Hi
Anyone knows if in winape i can compile some code directly on the second bank of memory, for example on configuration #C2 in #C000
something like this:
org #C2-#C000
Thankyou!!
Maybe like this:
Syntax:WRITE DIRECT [<lower_rom>[,<upper_rom>[,<ram_bank>]]] The WRITE DIRECT allow you to compile your code into the emulator memory. By default, the base 64Kb RAM is selected but you can select anything else with the optionnals parameters.
- lower_rom
Set to -1 to disable or 0 to enable the lower ROM (from &0000 to &3FFF). - upper_rom
Set to -1 to disable or any upper ROM id to enable the upper ROM (from &C000 to &FFFF). - ram_bank
Set it with the MMR (http://www.grimware.org/doku.php/documentations/devices/gatearray#mmr) command you want.
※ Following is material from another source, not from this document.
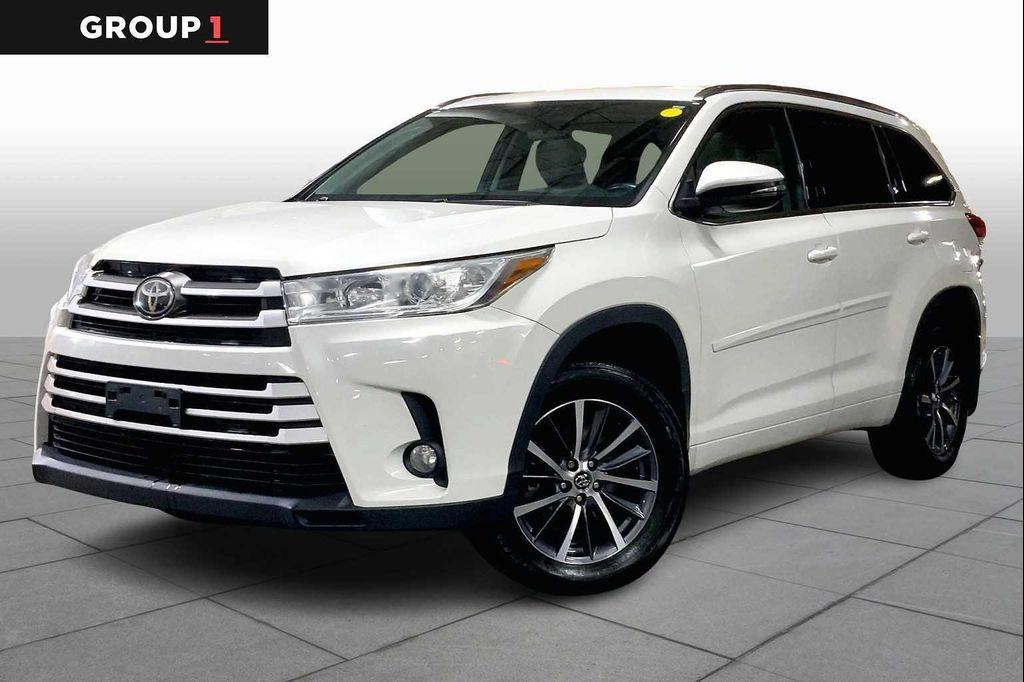 used 2017 Toyota Highlander car, priced at $23,877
; Compile a routine directly in bank 0 of page 0 WRITE DIRECT -1,-1,&C4 ORG &4000 LD HL,&C000 LD DE,&C001 LD BC,&3FFF LD (HL),L LDIR RET
documentations:software:winape:start [Grimware] (http://www.grimware.org/doku.php/documentations/software/winape/start)
Thankyou!!
the funny thing is that i read this page, but the org command, not the write direct :picard:
The included WinAPE help file has been updated to include all this information, and is also available online:
WinAPE Assembler Directives (http://www.winape.net/help/assembler_directives.html)
Quote from: Executioner on 01:54, 27 May 16
The included WinAPE help file has been updated to include all this information, and is also available online:
WinAPE Assembler Directives
It tells.... "and
ram_bank can be an expansion bank number #C0 to #FF (or #8C0 to #EFF for Yarek 4MB style bank mapping)."
However I would suggest to write "and
ram_bank can be an expansion bank number #C0 to #FF (or #
8C4 to #EFF for Yarek 4MB style bank mapping)."
Reason: &C0 is always the same. First expansion RAM block (16K) of a 512 KB bank is always C4. :)
Quote from: TFM on 16:33, 27 May 16
Reason: &C0 is always the same. First expansion RAM block (16K) of a 512 KB bank is always C4. :)
Technically, it's #8C1, but #8C0 is a valid bank, even though it's the same as #C0, #C8, #D0, #D8 etc...
Incbin command works the same way?
I want to load bin files in extra memory usually..
Quote from: fgbrain on 17:13, 29 May 16
Incbin command works the same way?
I want to load bin files in extra memory usually..
Yes, if you put the write direct before the incbin, eg.
org #4000
write direct -1,-1,#c4
incbin "graphics.bin"
Quote from: Executioner on 02:06, 29 May 16
Technically, it's #8C1, but #8C0 is a valid bank, even though it's the same as #C0, #C8, #D0, #D8 etc...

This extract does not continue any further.